LIBRI - L'emozione di "Una furtiva lacrima", tra struggimento e disincanto

di Maria Ricca

BENEVENTO - Una serata speciale per un libro speciale. È “Una furtiva lacrima”, primo romanzo del drammaturgo e regista Manlio Santanelli, al centro dell' incontro promosso alla Libreria Guida dalla giornalista Elide Apice ed animato dall'intensa e funambolica interpretazione di Roberto Azzurro. Dopo l'introduzione, gli interventi  di chi scrive e del dott. Lucio Luciano, direttore dell'Asl n.1, che ha analizzato nel profondo i nuclei tematici dell'opera. Che si legge tutta d’un fiato, com’è  nello stile perfetto del romanzo nato dal “flusso di coscienza”. Ed è un ultimo lungo incontro fra Maestro ed allievo, che diventa una sorta di percorso, quasi un romanzo di formazione, per il protagonista che vive, suo malgrado, una sorta di avventura e finisce per ritrovare se stesso.
Manlio Santanelli, con una scrittura intensa ed accattivante, leggera e travolgente, coinvolge il lettore nel viaggio ideale compiuto dal personaggio, Giorgio Rinaldi, giovane, ma non giovanissimo collaboratore del Maestro Tarquinio Follini, regista ed autore.
E l’immedesimarsi  con il protagonista è inevitabile.
Chi legge entra effettivamente nella vicenda e segue i passi di Giorgio Rinaldi, come nello scorrere di un film, come seguito dalla macchina da presa, che sono gli occhi di chi guarda, ne avverte i turbamenti, non può fare a meno di condividerne emozioni e sensazioni.
Ma andiamo con ordine.
Giorgio Rinaldi, il protagonista, è un uomo disincantato, che ne ha viste già troppe.
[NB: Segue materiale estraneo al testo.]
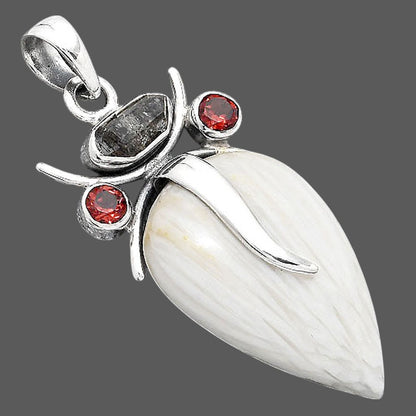 Lord Ganesha White Scolecite, Herkimer Diamond & Garnet Silver Pendant P-1588 SDP155156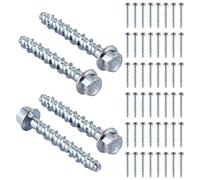 DAJAVE Pack of 50 Concrete Screws Hex Head M6 x 50, 50 Pieces Concrete Screws Galvanised with Washer for Masonry, Concrete, Architecture, Industry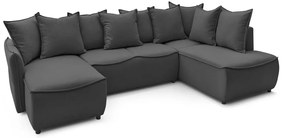 Tmavosivá rozkladacia rohová pohovka (pravý roh) Leon – Bobochic Paris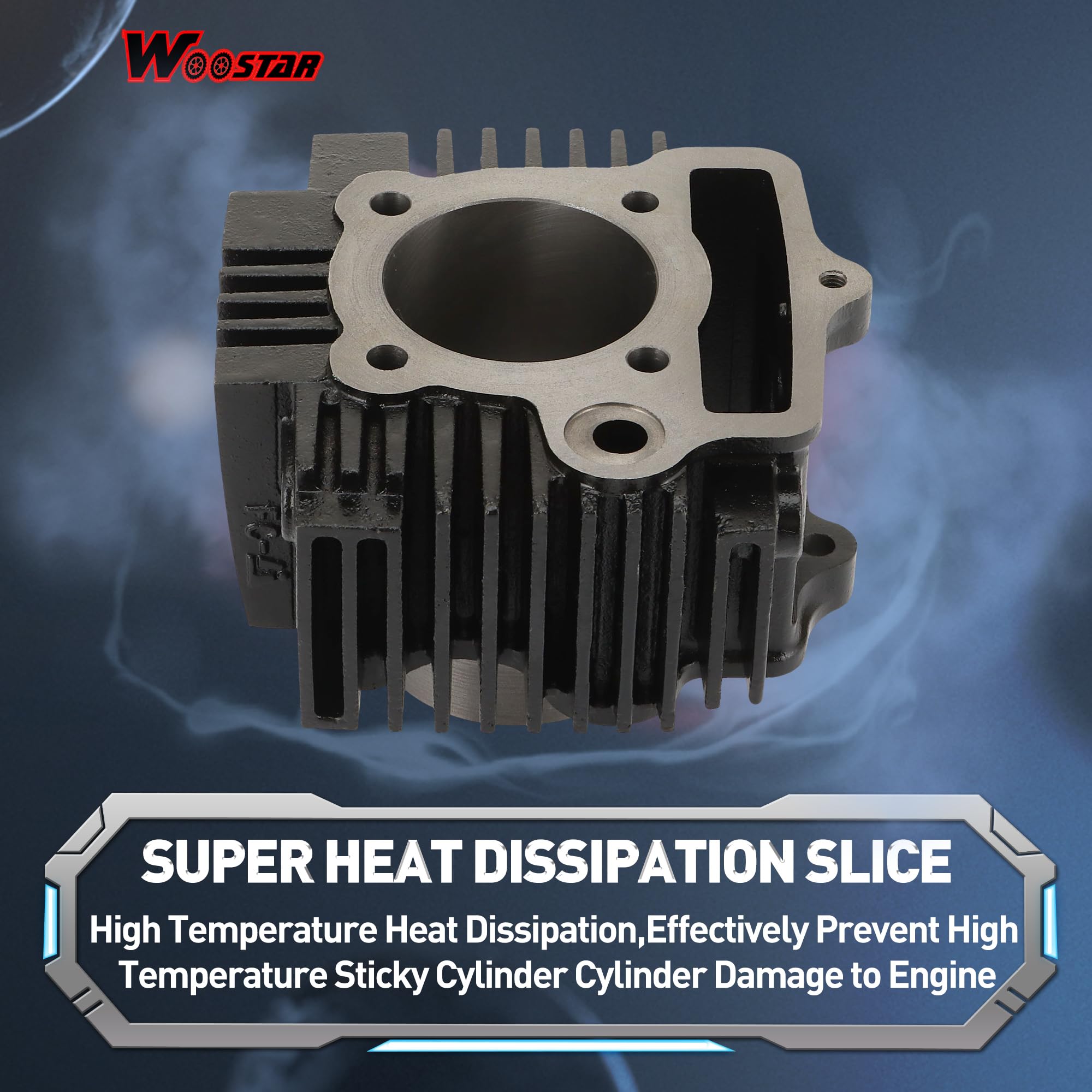 WOOSTAR 54mm Hierro Big Bore Cilindro con Pistón Kit Reemplazo para C90 JH90 C100 C110 CT100 JH110 DY110 QJ110-9 ZS110 152FMH 125cc Motocicleta Motor ATV Go Kart Dirt Pit Bike
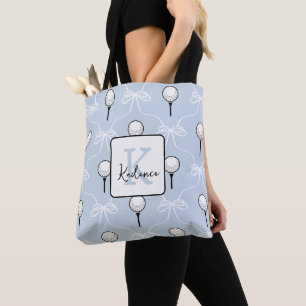 Bolso De Tela Monograma con patrón de golf con lazo blanco azula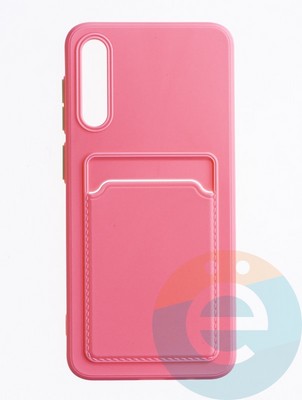 Накладка силиконовая Winter с кардхолдером для Samsung Galaxy A50/A30s розовая - фото 63401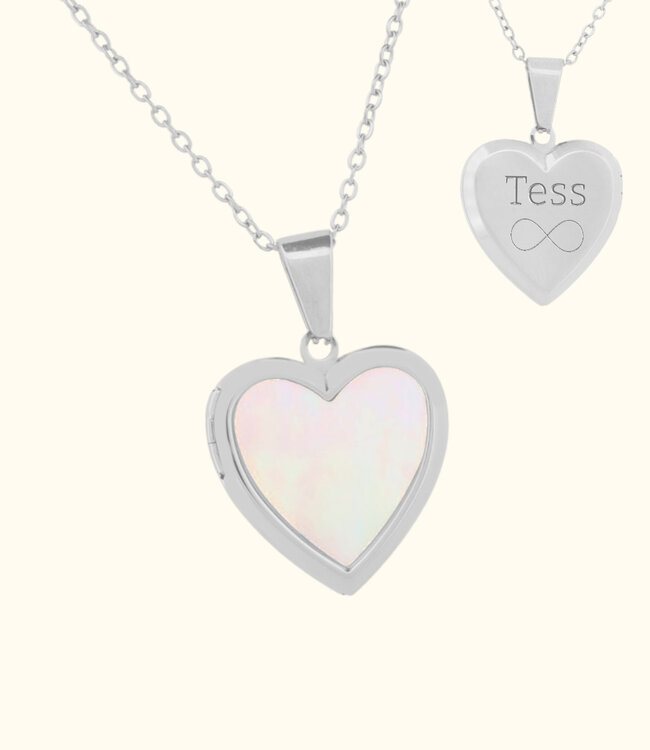 Sjieke Hartvormige Parelmoer Medaillon Met Gravering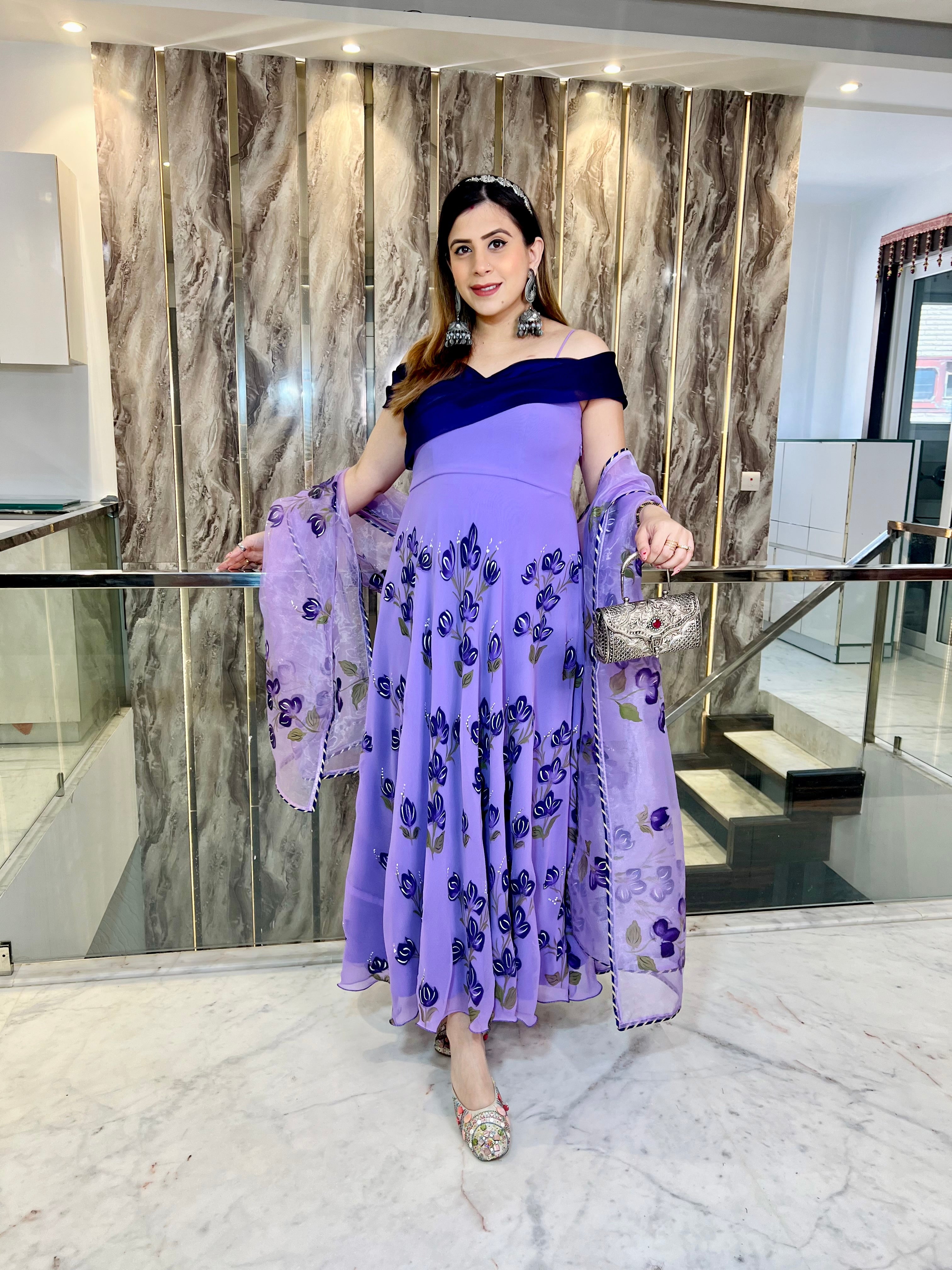 Lavender Handpainted Anarkali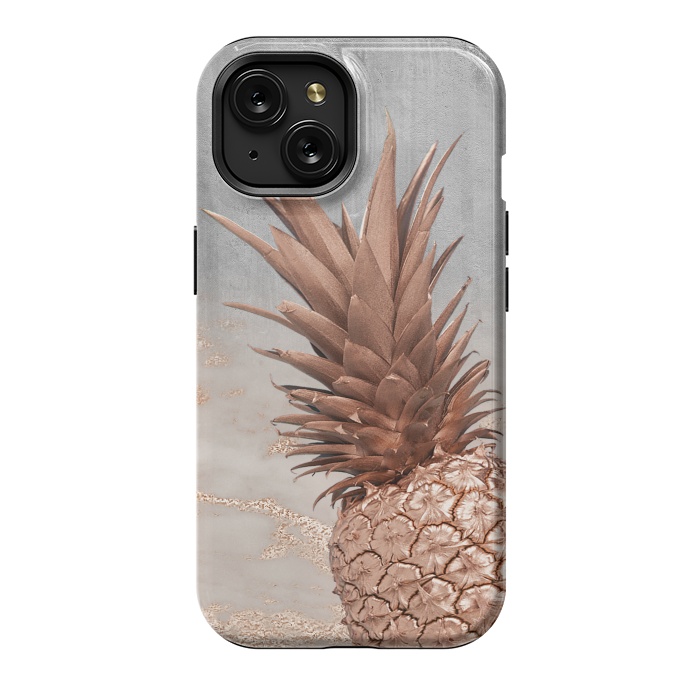 iPhone 15 StrongFit Rose Gold Pineapple on Congrete by  Utart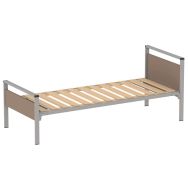 Lit Cubik gris sommier lattes 90 x 190 cm tête/pied praliné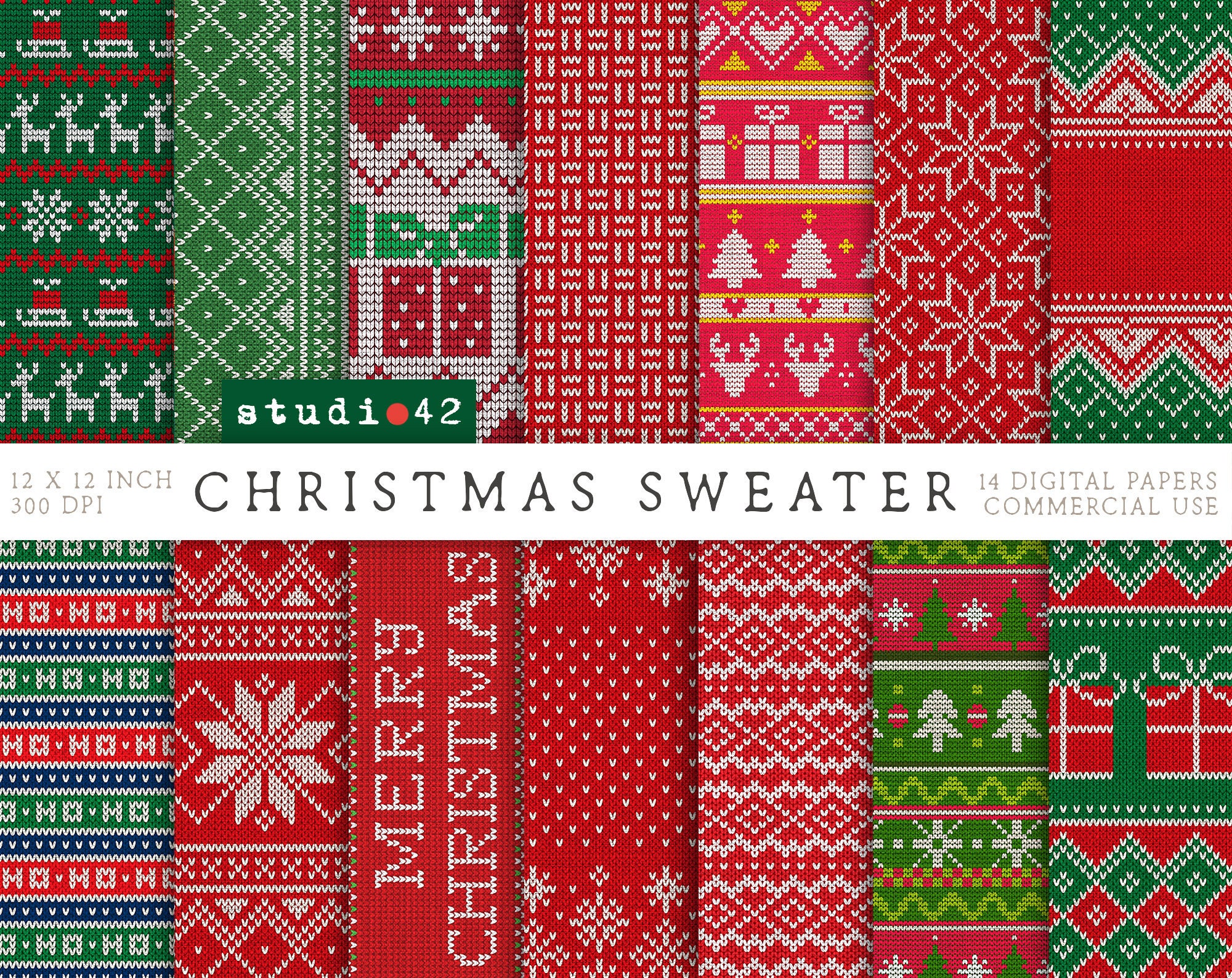 Ugly Christmas Sweaters Vintage Colors Wrapping Paper by Sandra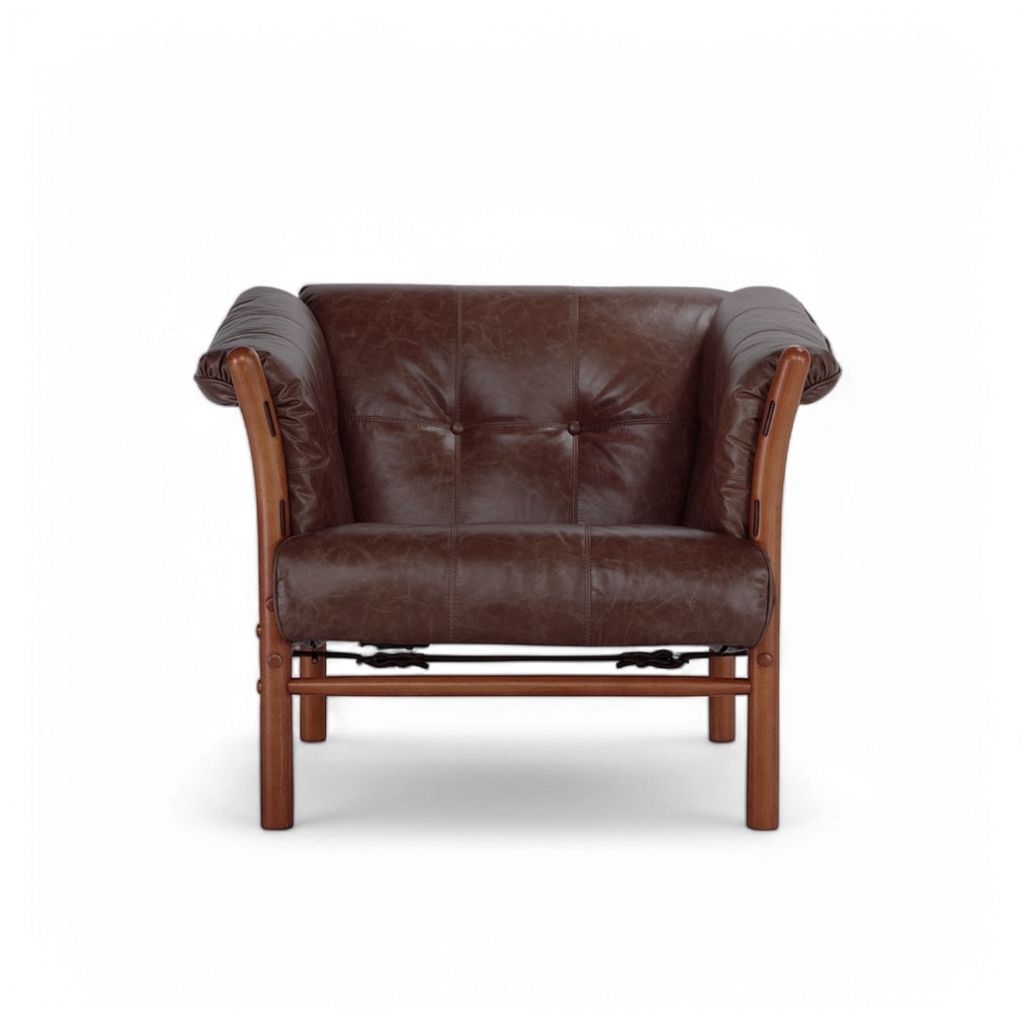 Ilona Armchair Type-A Oil-leather Darkbrown / イローナアームチェア タイプA オイルレザー ダークブラウン アルネ・ノレル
Lavora nel mondo del cinema, dove, come a teatro, si è detto,  tutto è finto,  ma niente è falso. E’ al fianco di Tarquinio Follini, suo maestro e mentore, in un mondo difficile a cui Giorgio approda, sfuggendo alla grigia esistenza tranquilla di impiegato da posto fisso, in cui l’accorata attenzione dei genitori, del padre, soprattutto, avrebbe voluto relegarlo.
E’ al mare, ad Ischia, con la frivola Linda, quando è raggiunto dalla telefonata che nessuno vorrebbe mai ricevere.
Gli amici lo avvertono che Tarquinio è in Normandia, a Caen, in una “clinica della speranza”, dove è approdato, per tentare le ultime cure per la più innominabile delle malattie. E’ verosimilmente il suo ultimo viaggio. Anche Flora, la compagna, lo ha lasciato al suo destino. Gli amici si dileguano. Tocca a Giorgio raggiungerlo.
Arriva, in effetti,  il momento di restituire quanto ottenuto dalla vita,  e Giorgio parte.
L’arrivo nel paesino francese dove si apre l’asettica clinica, un Ospedale Santuario, ove Giorgio può soggiornare per restare accanto all’amico, è l’approdo in una realtà sospesa, dove tutto appare lieve, dove le infermiere sono amorevolmente professionali, angeli che si muovono per alleviare le pene altrui ed hanno una soluzione per tutto.
Certo non vi è umanità, nel senso in cui siamo abituati ad intenderla, tutto  regolato da un preciso “do ut des”, economicamente parlando, ma  il confronto con la sanità nostrana è impietoso.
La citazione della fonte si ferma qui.